Hi, I'm Radegund, another contributor to this blog. Ailbhe invited me to join ages ago, and I've been meaning to start posting ever since. Champion procrastinator, me. I have a two-year-old son, whom I'd very much like to continue educating at home once he reaches schoolgoing age. (Actually, now that I think of it, "at home" is a pretty reductive phrase to describe where his education will happen. "Not at school" is more accurate.)
I first became interested in non-traditional education in 2000, when a passing mention on an e-mail discussion list pointed me to the website of the Sudbury Valley School, Massachussetts, US. (Wow. That site is quite a bit slicker now than it was then.) From the moment I began to read, I was electrified by the idea of child-led learning.

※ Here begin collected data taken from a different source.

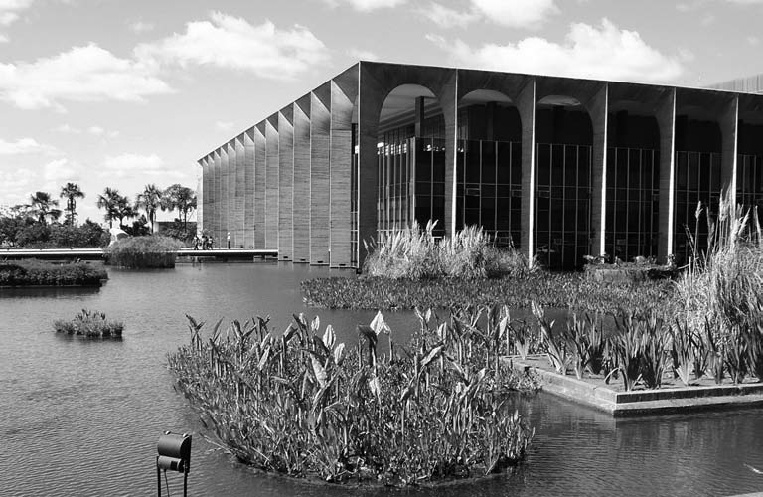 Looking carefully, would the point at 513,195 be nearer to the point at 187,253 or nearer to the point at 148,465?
the point at 187,253

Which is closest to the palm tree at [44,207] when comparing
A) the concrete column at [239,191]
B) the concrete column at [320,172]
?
the concrete column at [239,191]

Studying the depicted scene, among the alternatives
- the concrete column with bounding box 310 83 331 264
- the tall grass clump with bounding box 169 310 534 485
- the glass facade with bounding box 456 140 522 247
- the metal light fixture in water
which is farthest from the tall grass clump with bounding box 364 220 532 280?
the metal light fixture in water

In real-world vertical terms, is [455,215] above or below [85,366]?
above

Later, I read about unschooling (e.g. the Wikipedia entry and Unschooling.info) and found myself to be in visceral accord with it as an educational philosophy. The principles of respecting a child's time, of facilitating learning rather than coercing memorisation, of providing a stimulating, physically safe environment and then getting out of the way unless asked to help - these make so much sense to me that I can (still) barely articulate my opinions on the subject without becoming emotional.
I read John Holt's How Children Fail and How Children Learn (see this post for a list of his books) when my son was a baby, and came to the slightly heartstopping realisation that I was serious about this: I wanted to act on my beliefs and not send him to school. My husband and I have reached a loose agreement that we'll work something out, but the details are still hazy. Soon, I think, I'll try to get in touch with other home educators in our area and see if there's some kind of ready-made community I can join.
I don't ... necessarily ... think that traditional schooling is equally bad for all children. I think there may be some for whom (for whatever temperamental or circumstantial reasons) it provides more benefits than it imposes constraints. But the more I read and experience, the more I'm convinced that an alternative model is essential. I'd love child-led learning to be an option genuinely available to more people. Actual "home education", which fairly inevitably entails parents forgoing household income (as well as professional fulfilment, etc.), is a realistic (not to mention appealing) choice for, I would imagine, comparatively few. One day, when the time is right, I want to start a school on the Sudbury Valley model in Ireland. Until then, I'll work with what I have and try to ensure that my own children (the born and the hoped-for!) have access to whatever educational model is most suited to them.